* [Given data]
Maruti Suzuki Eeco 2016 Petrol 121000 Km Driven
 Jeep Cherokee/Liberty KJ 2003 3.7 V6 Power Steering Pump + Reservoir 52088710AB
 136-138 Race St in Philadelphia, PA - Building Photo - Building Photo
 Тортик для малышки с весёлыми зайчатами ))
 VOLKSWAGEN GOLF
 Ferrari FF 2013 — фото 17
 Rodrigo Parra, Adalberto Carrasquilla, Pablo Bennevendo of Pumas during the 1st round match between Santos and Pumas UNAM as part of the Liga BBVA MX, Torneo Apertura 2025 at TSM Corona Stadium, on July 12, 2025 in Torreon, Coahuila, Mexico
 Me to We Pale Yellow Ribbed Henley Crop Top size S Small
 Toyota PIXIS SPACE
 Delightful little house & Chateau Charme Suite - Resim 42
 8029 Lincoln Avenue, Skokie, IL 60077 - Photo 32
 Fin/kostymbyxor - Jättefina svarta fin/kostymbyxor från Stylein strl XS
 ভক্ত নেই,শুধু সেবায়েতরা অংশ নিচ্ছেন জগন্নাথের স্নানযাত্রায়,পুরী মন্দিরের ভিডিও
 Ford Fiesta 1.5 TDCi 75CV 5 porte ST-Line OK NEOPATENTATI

* [Task objective]
Leaving out all lines before the one containing "136-138 Race St", copy that line and the rest through the end of the listing above exactly.

* [The answer]
 136-138 Race St in Philadelphia, PA - Building Photo - Building Photo
 Тортик для малышки с весёлыми зайчатами ))
 VOLKSWAGEN GOLF
 Ferrari FF 2013 — фото 17
 Rodrigo Parra, Adalberto Carrasquilla, Pablo Bennevendo of Pumas during the 1st round match between Santos and Pumas UNAM as part of the Liga BBVA MX, Torneo Apertura 2025 at TSM Corona Stadium, on July 12, 2025 in Torreon, Coahuila, Mexico
 Me to We Pale Yellow Ribbed Henley Crop Top size S Small
 Toyota PIXIS SPACE
 Delightful little house & Chateau Charme Suite - Resim 42
 8029 Lincoln Avenue, Skokie, IL 60077 - Photo 32
 Fin/kostymbyxor - Jättefina svarta fin/kostymbyxor från Stylein strl XS
 ভক্ত নেই,শুধু সেবায়েতরা অংশ নিচ্ছেন জগন্নাথের স্নানযাত্রায়,পুরী মন্দিরের ভিডিও
 Ford Fiesta 1.5 TDCi 75CV 5 porte ST-Line OK NEOPATENTATI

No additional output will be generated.